> **DATASET CONTENT**:
+ + + + +

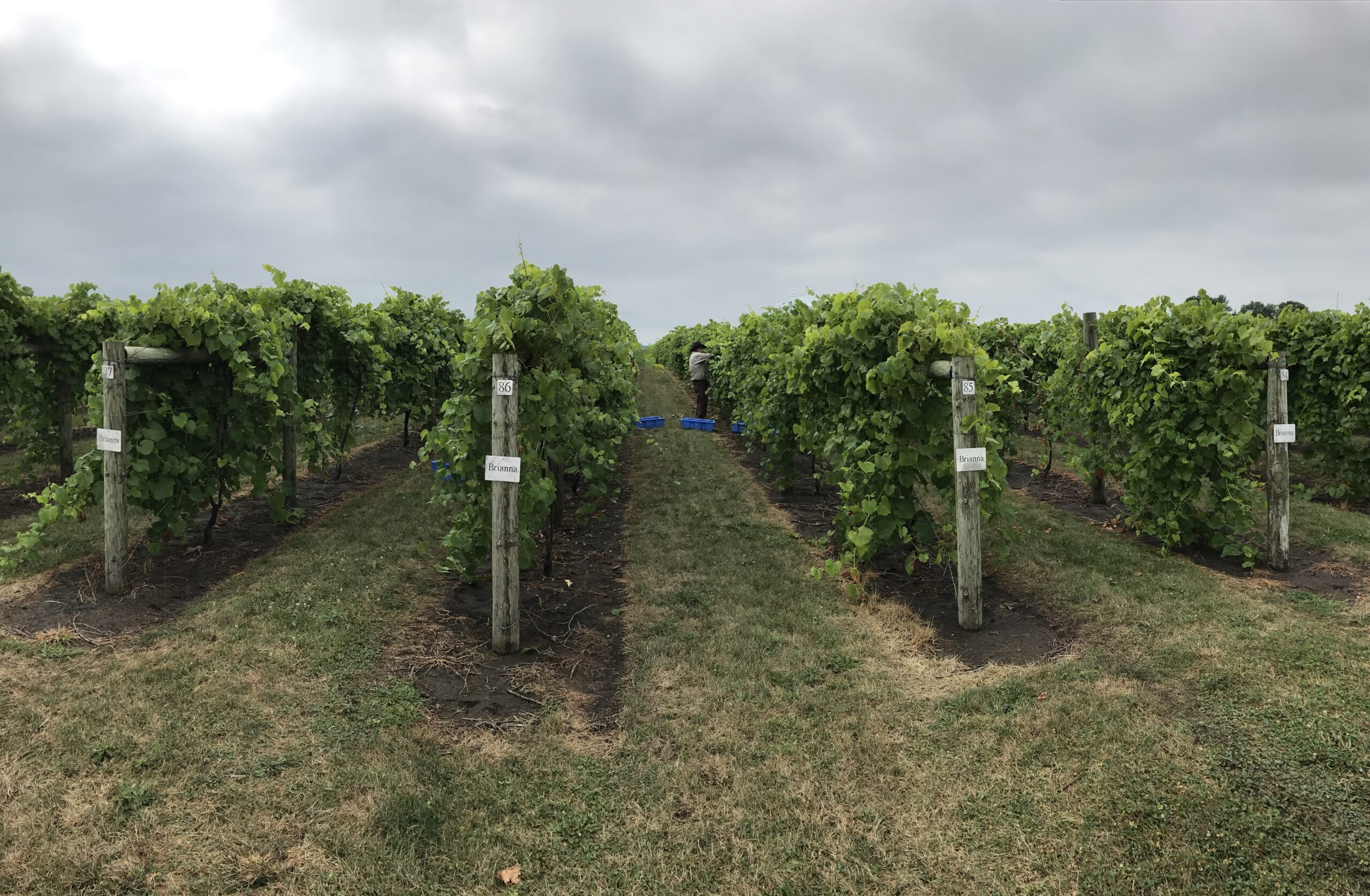 Rows of grapevines in the Soldier Creek Winery vineyard under an overcast gray sky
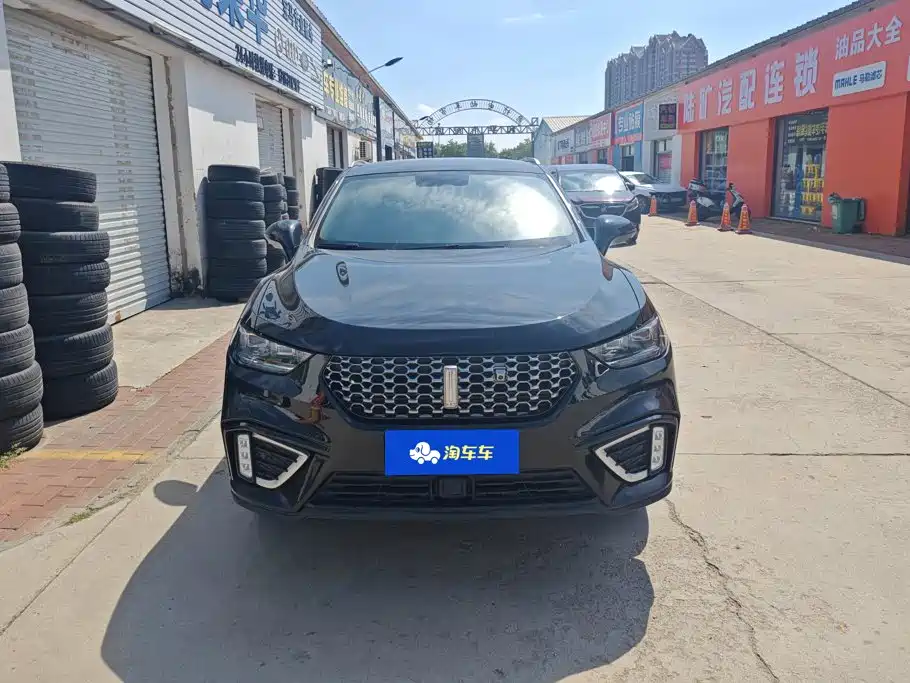 2021 WEY VV5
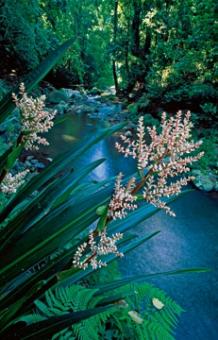 Marent Thomas - Canungra Creek 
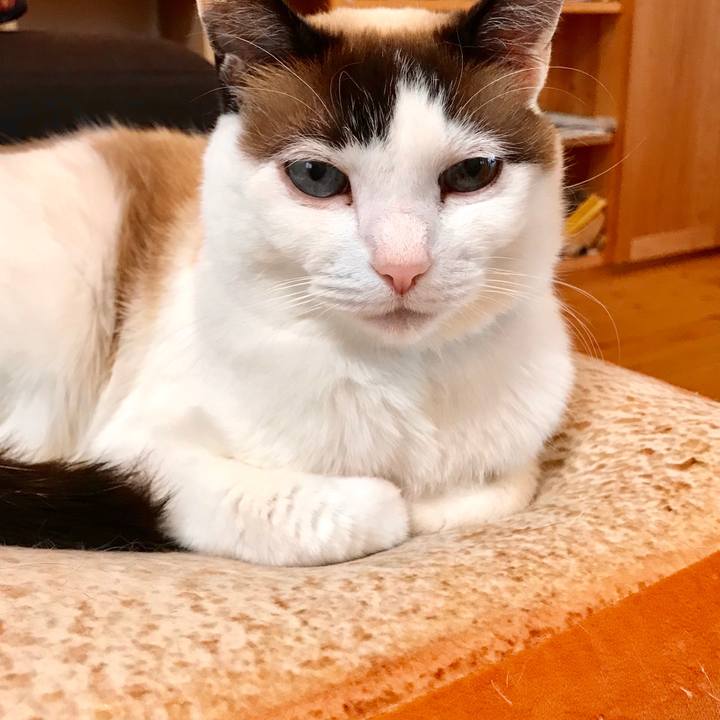 07751965 d44b 415e b61e ee50128b7a47 1553831701934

+ + + + +

Only exact copies are wanted here. Write out the lines from the one containing "2021 WEY VV5" through the end of the material and no others, omitting all pictures.

 2021 WEY VV5
 Marent Thomas - Canungra Creek 
 07751965 d44b 415e b61e ee50128b7a47 1553831701934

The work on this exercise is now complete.